Y a-t-il une indication dans le Nouveau Testament affirmant que Satan a été lié lors de la première venue du Christ? En effet, il y en a une. Lorsque les pharisiens ont accusé Jésus de chasser les démons par le pouvoir de Satan, Jésus a répondu : « Comment quelqu’un peut-il entrer dans la maison d’un homme fort et piller ses biens sans avoir auparavant lié cet homme fort? » (Mt 12.29). Il est intéressant de noter que le mot utilisé par Matthieu pour décrire le fait de lier l’homme fort est le même que celui utilisé dans Apocalypse 20 pour décrire l’action de lier Satan. On pourrait dire que Jésus a lié le diable lorsqu’il a triomphé de lui dans le désert, refusant de céder à ses tentations. Le fait que Jésus ait chassé des démons, comme il nous l’enseigne dans ce passage, était la preuve de ce triomphe. On pourrait rétorquer que l’enchaînement de Satan mentionné ici est rapporté en relation avec l’action de chasser des démons plutôt qu’en relation avec la prédication de l’Évangile. Je répondrai toutefois que le fait de chasser les démons est une preuve de la présence du royaume de Dieu (Mt 12.28) et que c’est précisément parce que le royaume de Dieu est venu que l’Évangile peut maintenant être prêché à toutes les nations (voir Mt 13.24-30, 47-50).

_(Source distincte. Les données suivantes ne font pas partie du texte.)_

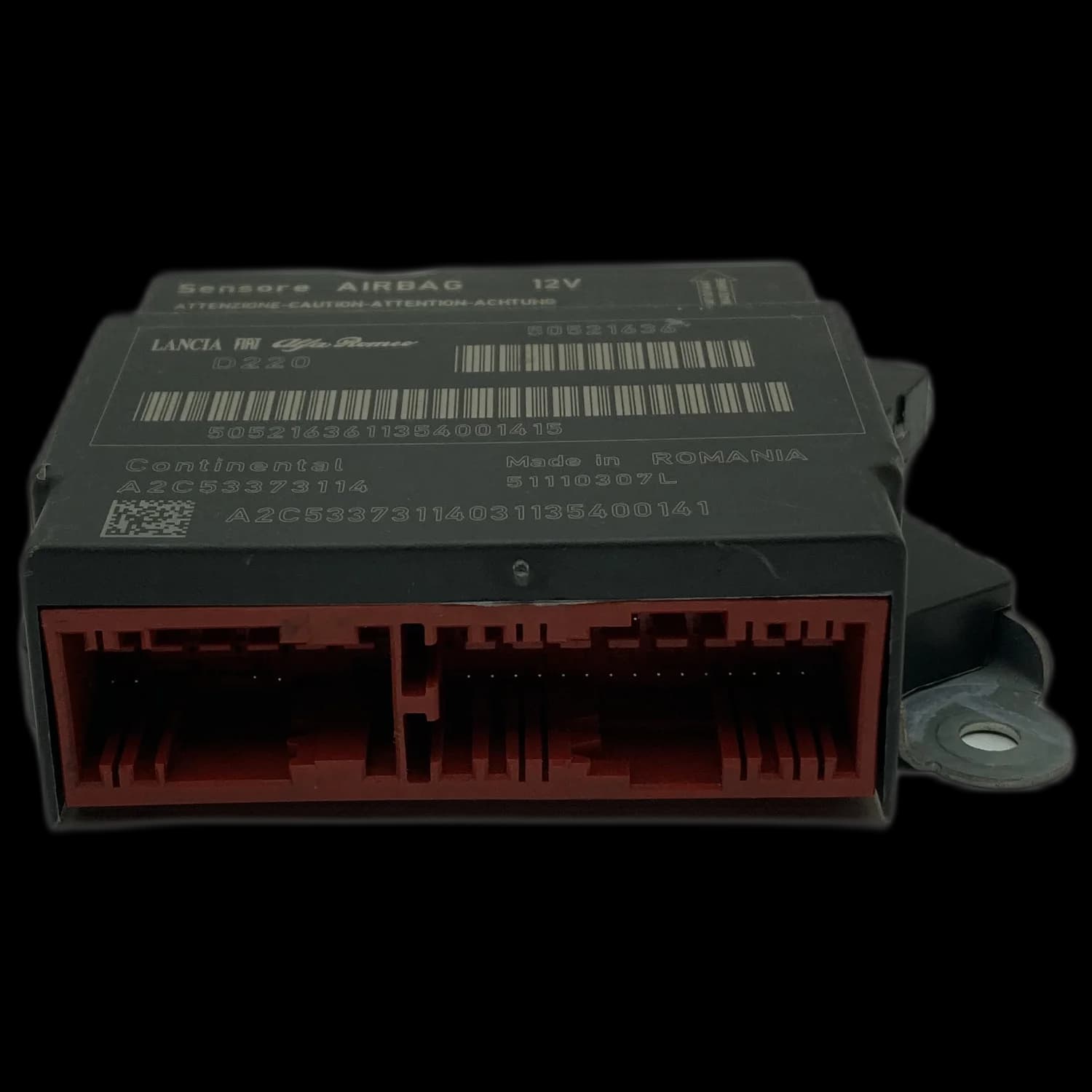Airbag-Steuergerät 50521636, Stecker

Lorsque les soixante-dix sont revenus de leur mission de prédication, ils ont dit à Jésus : « Seigneur, les démons même nous sont soumis en ton nom. » Jésus leur répondit : « Je voyais Satan tomber du ciel comme un éclair » (Lc 10.17-18). Il va sans dire que ces paroles ne doivent pas être interprétées littéralement. Elles doivent plutôt être comprises comme signifiant que Jésus a vu dans les œuvres que ses disciples accomplissaient une indication que le royaume de Satan venait d’être frappé d’un coup écrasant, et qu’en fait, un certain enchaînement de Satan, une certaine restriction de son pouvoir, venait d’avoir lieu. Dans ce cas, la chute ou la limitation de Satan est directement associée à l’activité missionnaire des disciples de Jésus.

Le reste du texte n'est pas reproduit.